先从整体流程上简单梳理一下消息队列负载的过程。
消息队列负载由Rebalance线程默认每隔20s进行一次消息队列负载,获取主题队列信息mqSet与消费组当前所有消费者cidAll,然后按照某一种负载算法进行队列分配,分配原则为同一个消费者可以分配多个消息消息队列,同一个消息消费队列同一时间只会分配给一个消费者。此时,可以计算当前消费者分配到消息队列集合,对比原先的负载队列与当前的分配队列。如果新队列集合中不包含原来的队列,则停止原先队列消息消费并移除,如果原先队列中不包含新分配队列则创建PullRequest。
何时会触发启动
- 每隔20s会自动进行一次
- 每次有新的consumer加入到消费组中时,就会执行一次。
提供的分配算法
- AllocateMessageQueueAveragely: 平均分配。
- AllocateMessageQueueAveragelyByCircle: 平均轮询分配
- AllocateMessageQueueConsistentHash: 一致性hash
- AllocateMessageQueueByConfig: 根据配置,为每一个消费者配置固定的消息队列。

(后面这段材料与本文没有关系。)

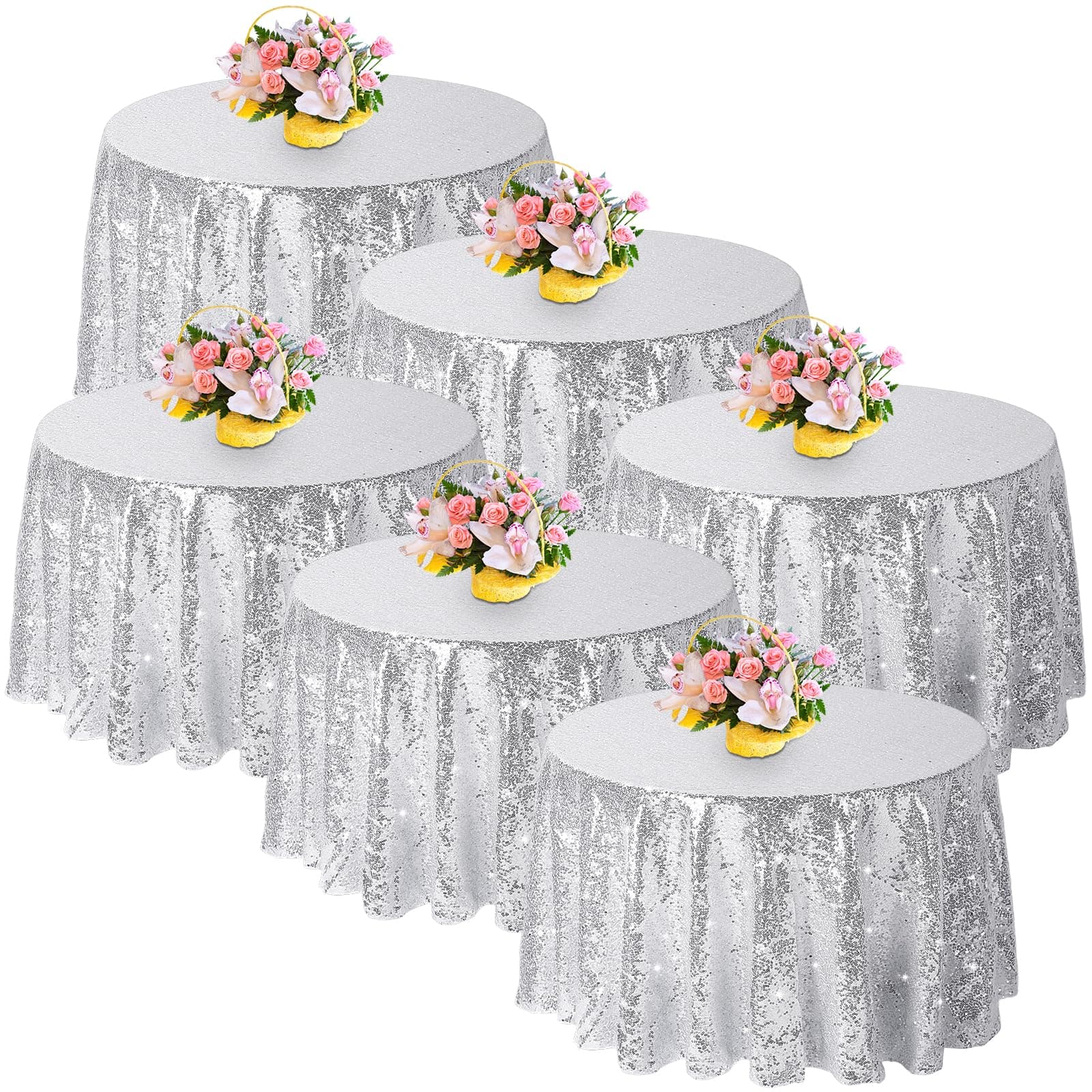 6 Pack 60 Inch Round Silver Sequin Tablecloth Overlays Glitter Table Cloth Wedding Table Decoration for 20-48'' Tables Sparkly Table Cover Linen for Bridal Baby Shower Birthday Party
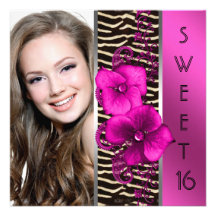 Hot Pink Zebra Photo Sweet 16 Birthday Party Custom Announcements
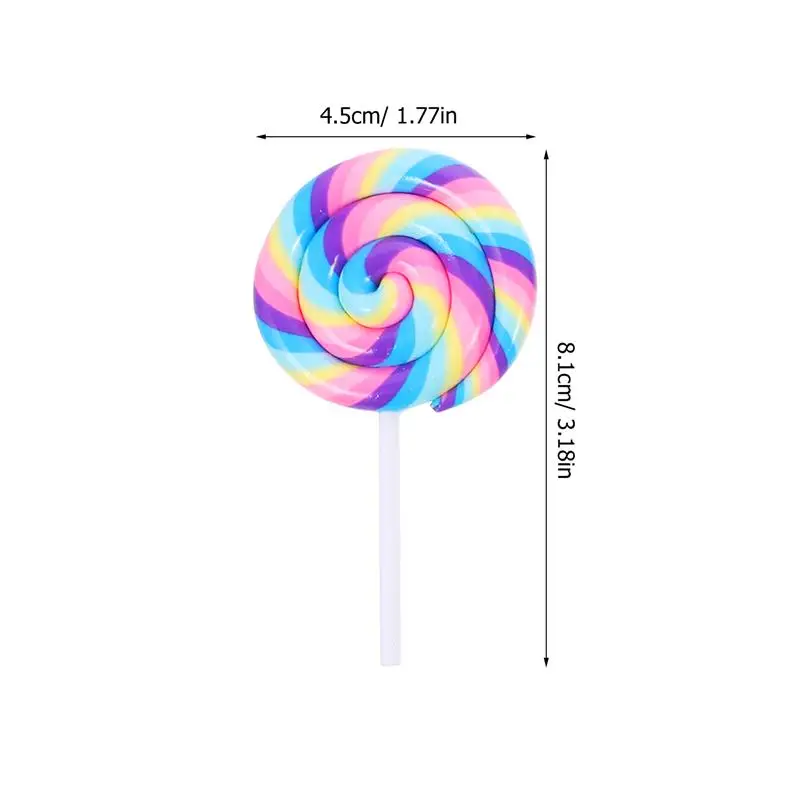 5PCS Clay Lollipops Craft Large Lollipop Props Simulation Lollipop Suckers Party Favors Colorful Lollipop Charm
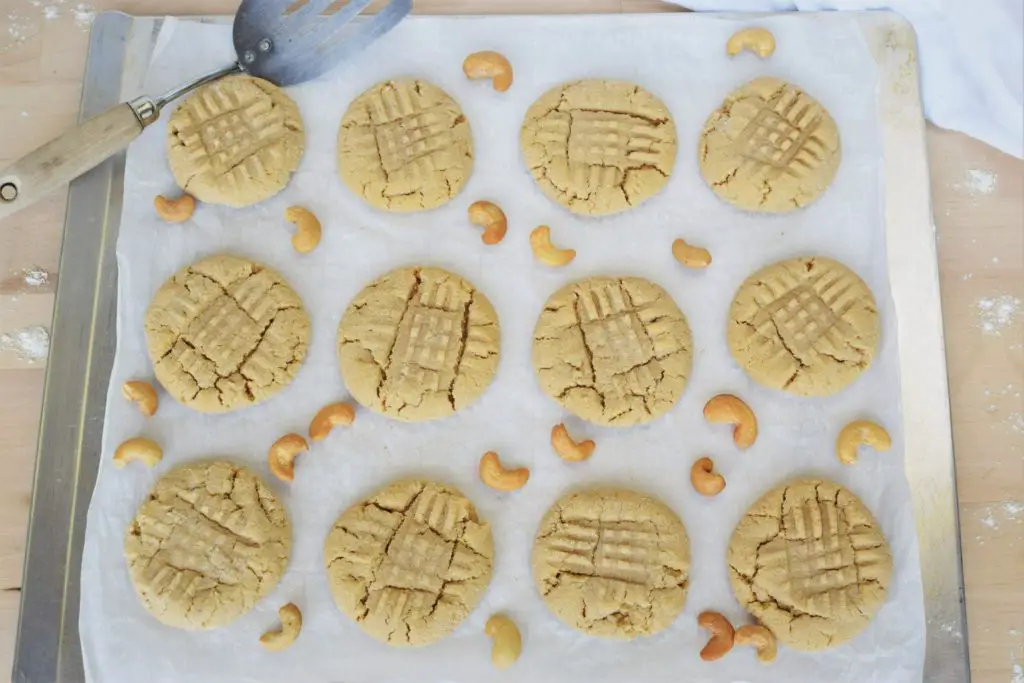 Baking tray of cashew butter cookies - this bread will rise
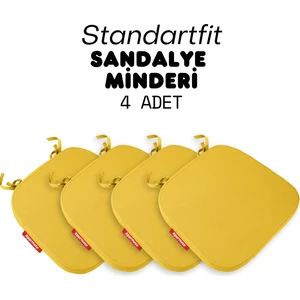 4'lü Standartfit Oval Sandalye Minderi Fermuarlı Yıkanabilir Kılıf Bağcıklı Su ve Yağ Itici 42 x 42 x 5 Sarı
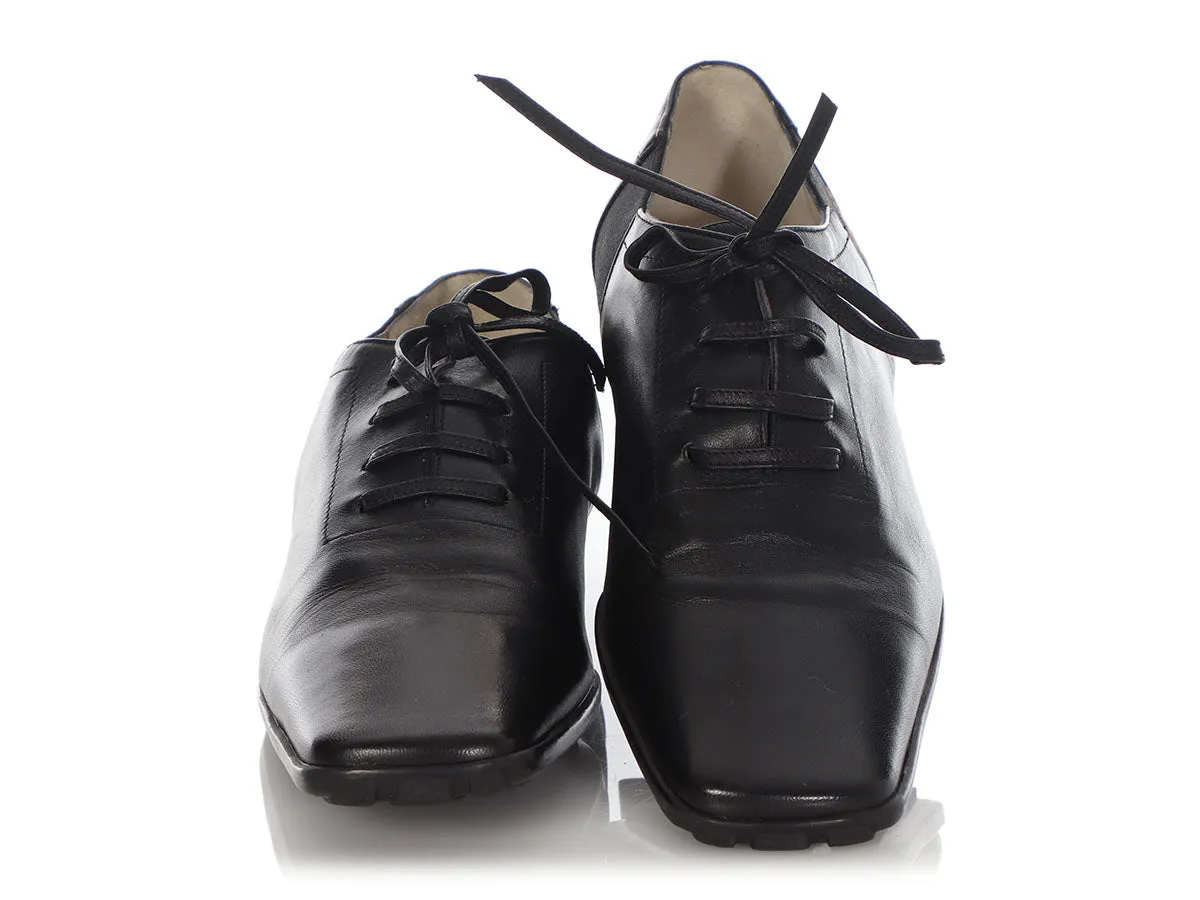 Chanel Black Leather Lace-Up Shoes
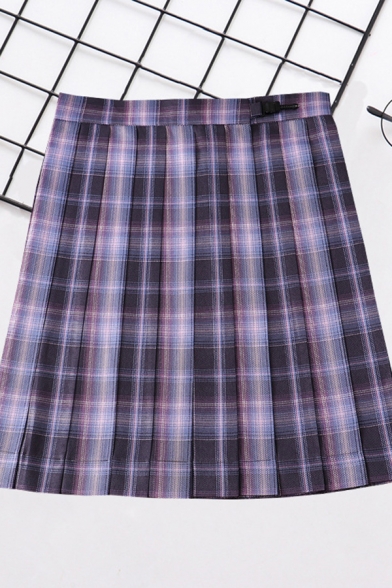 Fancy Women's Skirt Plaid Pattern High Rise Pleated Detailed Regular Fitted Mini A-Line Skirt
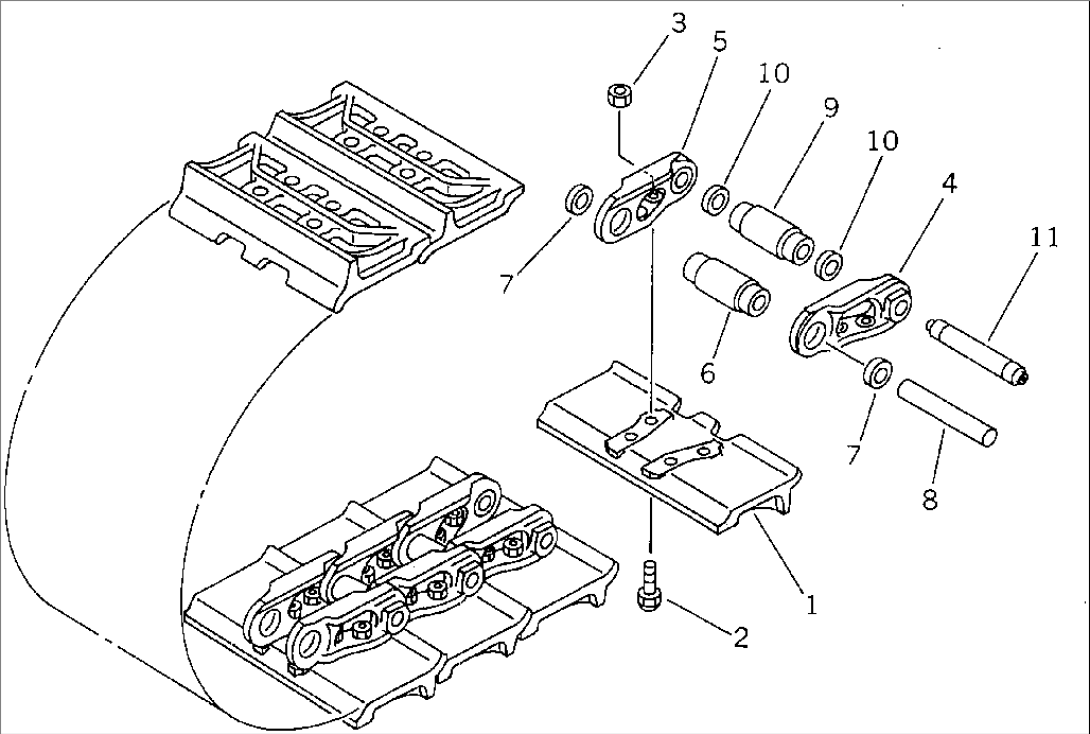 TRACK SHOE (MASTER PIN TYPE) (ON-ROCKBED)(#35001-36326)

- AllocateMessageQueueByMachineRoom: 根据Broker部署机房名,对每个消费者负责不同的Broker上的队列。
启动
进行负载均衡是在RebalanceService线程中启动的,一个MQClientInstance持有一个RebalanceService实现,并随着MQClientInstance的启动而启动。
@Override
public void run() {
log.info(this.getServiceName() + " service started");
while (!this.isStopped()) {
//waitInterval默认为20s。
this.waitForRunning(waitInterval);
//定时负载均衡
this.mqClientFactory.doRebalance();
}
log.info(this.getServiceName() + " service end");
}
执行流程
private final ConcurrentMap<String/* group */, MQConsumerInner> consumerTable = new ConcurrentHashMap<String, MQConsumerInner>();
public void doRebalance() {
for (Map.Entry<String, MQConsumerInner> entry : this.consumerTable.entrySet()) {
MQConsumerInner impl = entry.getValue();
if (impl != null) {
try {
impl.doRebalance();
} catch (Throwable e) {
log.error("doRebalance exception", e);
}
}
}
}
public class DefaultMQPushConsumerImpl implements MQConsumerInner
从上面可以看出,MQClientinstance遍历已注册的消费者,对消费者执行doRebalance方法。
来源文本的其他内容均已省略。